WHAT THE EXERCISE ASKS: No pictures belong in the copy. Restate the rest of the data exactly.
RECORDS PROVIDED Block Start
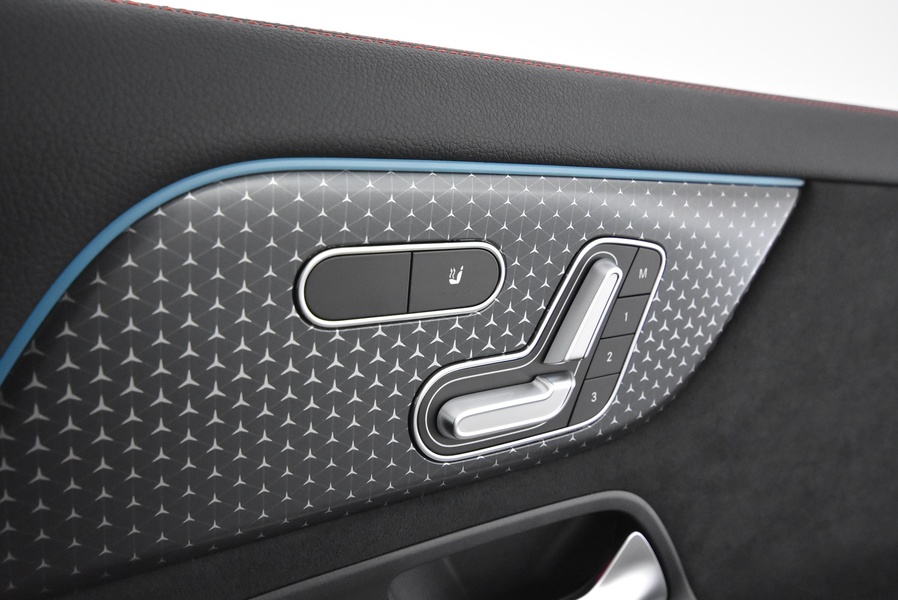 Mercedes-Benz EQA vaihtoauto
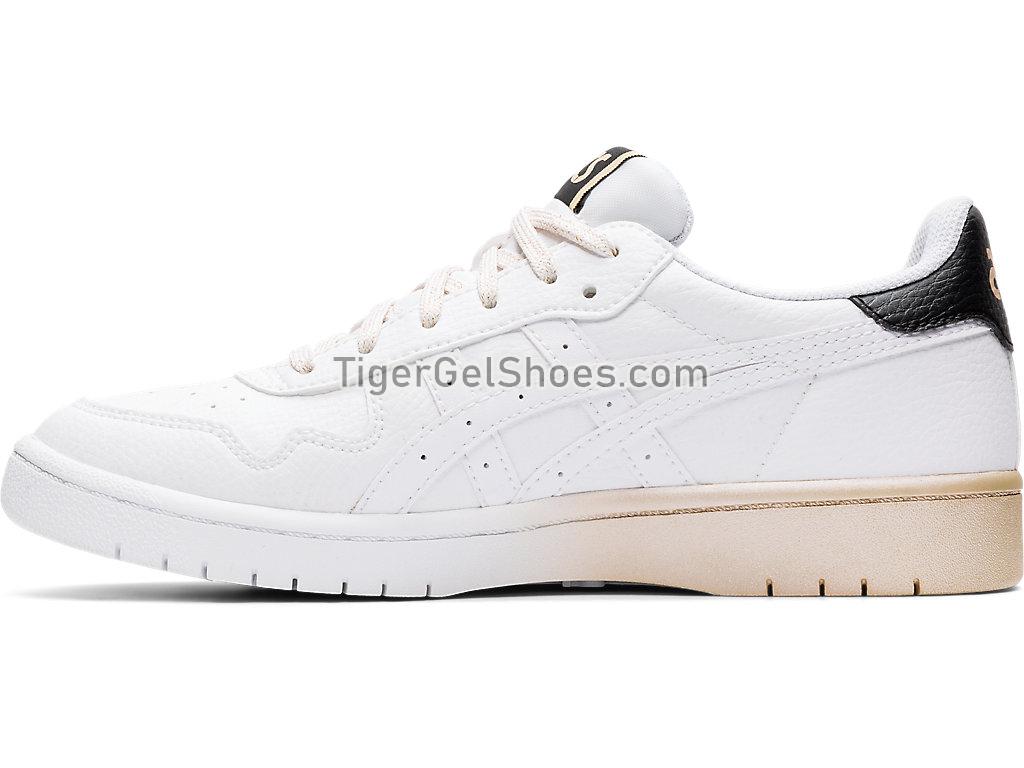 Asics JAPAN S THE NEW STRONG White/White 1192A196-100 GEL Womens Shoes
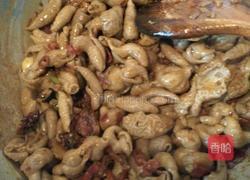 香辣肥肠(江油肥肠)的做法图解8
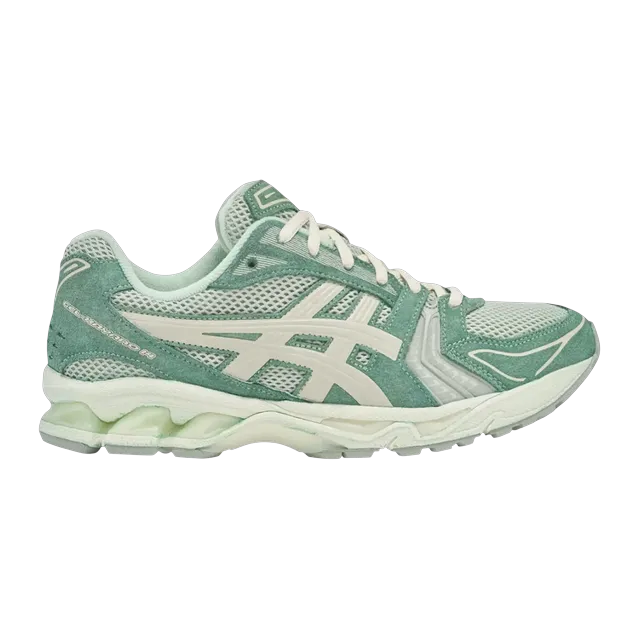 ASICS Lapstone And Hammer X Gel Kayano 14 Dip Dye Pack – Matcha — Authentic Shoes & Footwear at CLZTURE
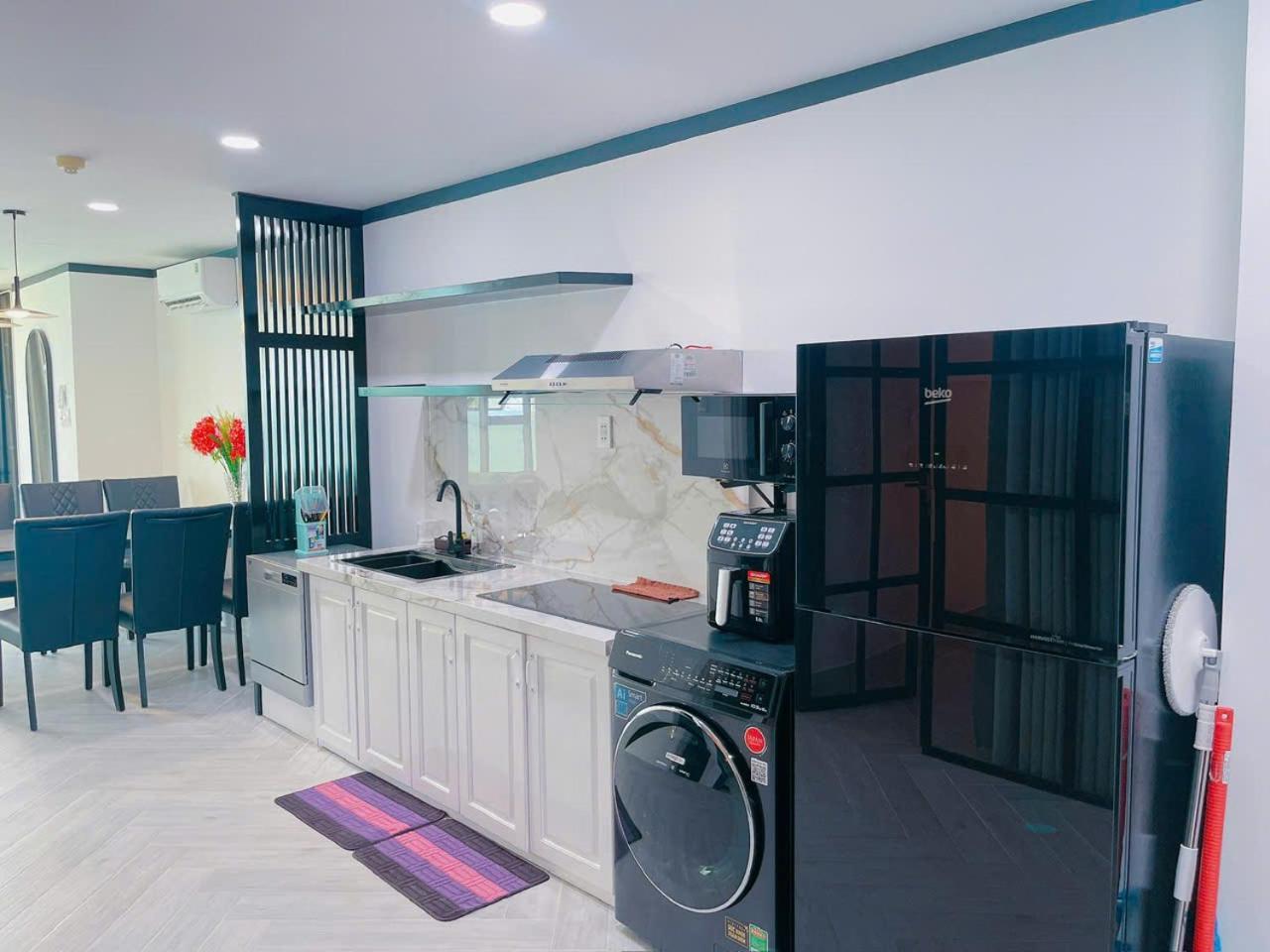 Gold Beach Nha Trang Apartment المظهر الخارجي الصورة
RECORDS PROVIDED Block End
EXPECTED OUTPUT:
 Mercedes-Benz EQA vaihtoauto
 Asics JAPAN S THE NEW STRONG White/White 1192A196-100 GEL Womens Shoes
 香辣肥肠(江油肥肠)的做法图解8
 ASICS Lapstone And Hammer X Gel Kayano 14 Dip Dye Pack – Matcha — Authentic Shoes & Footwear at CLZTURE
 Gold Beach Nha Trang Apartment المظهر الخارجي الصورة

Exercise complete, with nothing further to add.